**ACTION ITEM**
Your reply should reproduce all the data below exactly while excluding the pictures.

**DATA PROVIDED**
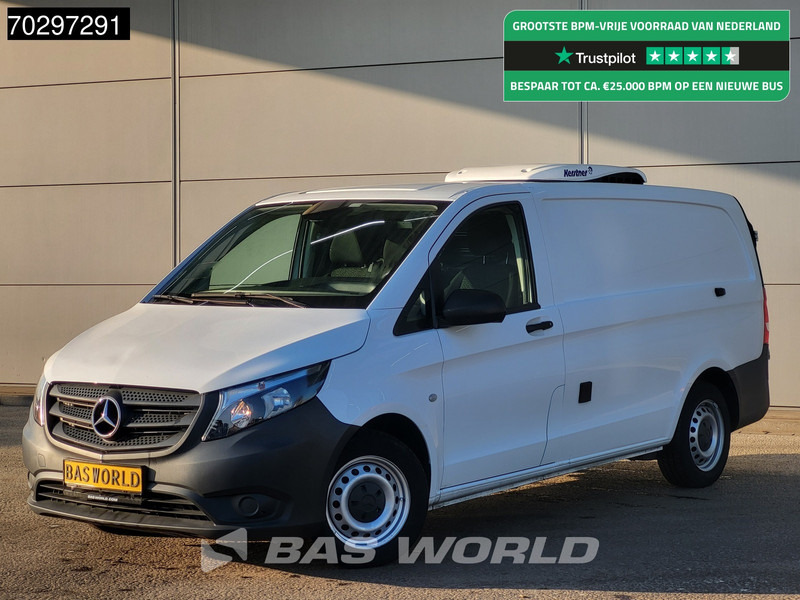 Mercedes-Benz Vito Koelwagen L2H1 230v-stekker Airco Cruise Camera Euro6 L2 Koel Koeler Kühl Kühler Kühlwagen Airco Cruise control - 冷藏货车:图1 Mercedes-Benz Vito Koelwagen L2H1 230v-stekker Airco Cruise Camera Euro6 L2 Koel Koeler Kühl Kühler Kühlwagen Airco Cruise control - 冷藏货车:图1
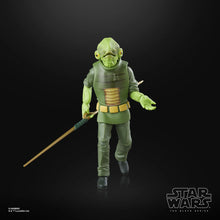 Load image into Gallery viewer, Star Wars: The Black Series Mon Calamari (Halloween Edition) Action Figure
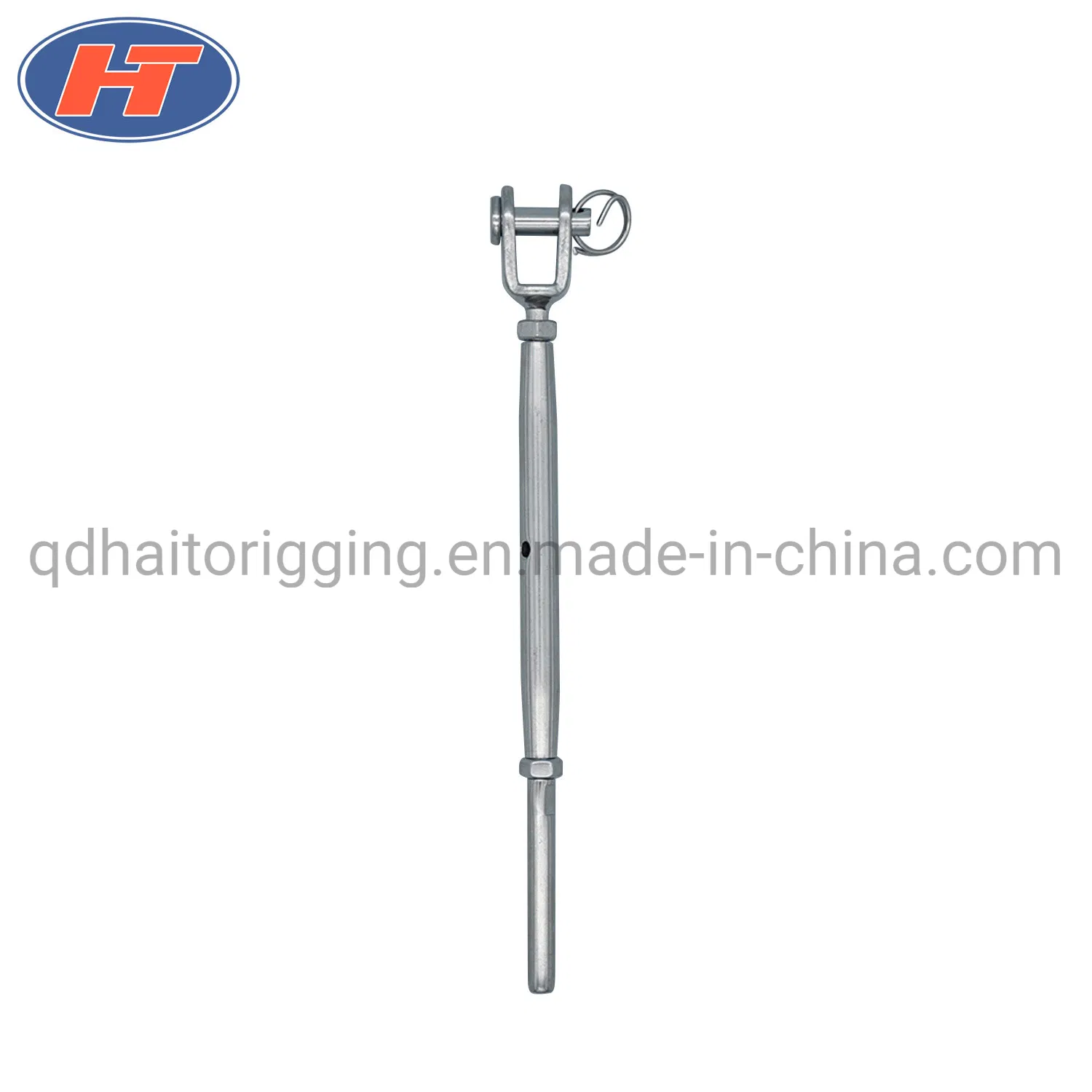 High Polished Stainless Steel Rigging Screw with Factory Price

**SOLUTION FOR THIS PROBLEM**
 Mercedes-Benz Vito Koelwagen L2H1 230v-stekker Airco Cruise Camera Euro6 L2 Koel Koeler Kühl Kühler Kühlwagen Airco Cruise control - 冷藏货车:图1 Mercedes-Benz Vito Koelwagen L2H1 230v-stekker Airco Cruise Camera Euro6 L2 Koel Koeler Kühl Kühler Kühlwagen Airco Cruise control - 冷藏货车:图1
 Load image into Gallery viewer, Star Wars: The Black Series Mon Calamari (Halloween Edition) Action Figure
 High Polished Stainless Steel Rigging Screw with Factory Price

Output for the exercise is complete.